His daughter Nancy vividly recalls Christmas Day 2007: "We had given Dad a snapshot of him and Ma and all five grandchildren taken on Thanksgiving Day. He held that photograph in his hands and wouldn't let go of it. We showed him some videos of when the kids were little and he watched as best he could.
"[My daughter] and I had made a handmade throw, which had the Red Sox on one side and the Patriots on the other. We lugged that gift with us for the next few days trying to find him in the right frame of mind to give it to him. Regrettably, we never had the chance."
At this point, John's condition was stable, but not improving. His speech was slurred, and he wheezed as he struggled with each breath. His treating physicians were doing all they possibly could to help him, but the heart and kidney failure and impaired cognitive function were not improving.
A Turn for the Worse
As the New Year approached, John's white blood cell count began to rise, indicating infection, and tests showed ever-worsening kidney failure. Daily dialysis was again started on December 26. John continued to have difficulty sleeping at night.

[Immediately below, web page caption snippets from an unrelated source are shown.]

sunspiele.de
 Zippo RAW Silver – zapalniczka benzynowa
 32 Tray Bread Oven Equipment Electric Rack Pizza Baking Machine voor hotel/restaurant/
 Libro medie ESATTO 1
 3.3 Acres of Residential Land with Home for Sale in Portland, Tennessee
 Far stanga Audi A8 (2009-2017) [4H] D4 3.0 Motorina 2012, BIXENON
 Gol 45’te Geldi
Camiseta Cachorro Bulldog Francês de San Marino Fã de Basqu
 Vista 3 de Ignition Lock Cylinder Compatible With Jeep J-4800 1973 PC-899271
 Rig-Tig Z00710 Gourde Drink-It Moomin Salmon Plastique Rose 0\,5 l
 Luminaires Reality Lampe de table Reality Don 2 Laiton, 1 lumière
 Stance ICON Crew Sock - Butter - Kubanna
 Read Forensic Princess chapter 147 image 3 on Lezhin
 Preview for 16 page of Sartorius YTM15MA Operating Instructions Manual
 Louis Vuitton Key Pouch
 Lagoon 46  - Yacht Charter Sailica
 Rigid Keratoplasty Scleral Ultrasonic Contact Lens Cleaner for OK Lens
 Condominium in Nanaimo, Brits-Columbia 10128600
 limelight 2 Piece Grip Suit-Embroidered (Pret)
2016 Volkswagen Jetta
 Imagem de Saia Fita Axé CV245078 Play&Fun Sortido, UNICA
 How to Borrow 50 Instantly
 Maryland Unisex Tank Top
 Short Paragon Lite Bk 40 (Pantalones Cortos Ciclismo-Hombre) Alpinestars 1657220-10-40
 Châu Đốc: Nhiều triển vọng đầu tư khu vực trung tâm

"During all of our visits, I sat beside him, stroking his head and trying to calm him as he shouted incoherently. He prayed audibly, repeating Hail Mary over and over. There are no words to describe the suffering and anguish he endured," Regina recalls.
John's condition continued to decline over the next several days despite the continuation of dialysis treatments. He died January 3, 2008, with his wife and daughter by his side.